The Bank of Canada however does not share the same bleak outlook. The Bank expects that we will see the economy rebound in the second half of 2019, but it isn’t a sentiment shared by everyone. One of the poll’s participants, Morgan Stanley, wrote, “We see little impetus for policymakers to resume rate hikes over our forecast horizon, as sluggish growth and lingering slack in the economy will continue to warrant leaving some policy accommodation in place.”
In fact, if the economy doesn’t pick up the Bank may be forced to lower interest rates rather than leaving them alone. Stanley continued by saying, “If growth fails to show any convincing signs of a rebound in 2019, we think the risks of rate cuts will increase, and given our sluggish outlook, we place a subjective 40 per cent probability that the BoC will deliver at least one 25 basis point rate cut over the next 12 months.”
Frequently the Canadian economy takes its cues from the US economy. This is because our neighbours to the south are our biggest trade partners. If their economy takes a nose dive into a recession (as another Reuters poll from earlier this month shows is more and more likely to happen) Canada’s economy will be directly impacted. According to a Reuters poll taken last month Canada is 20% likely to enter a recession in the next 12 months and 27.5% likely in the next 24 months.

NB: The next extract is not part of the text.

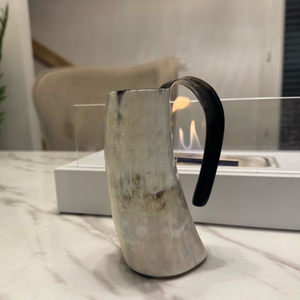Mug à café artisanal en corne de buffle écologique, design élégant motif ange animal, haute qualité, personnalisable - Product Image 1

The most common sentiment is that we won’t be seeing any change to the Bank’s interest rates, but there are a few who have high hopes for growth. A few speculators expect to see the Canadian economy pick up and that we may even see up to two interest rate hikes by the end of 2020.
As for housing prices, another Reuters poll taken earlier this month showed that prices are expected to stay the same for the remainder of the year and increase by 1.7% next year.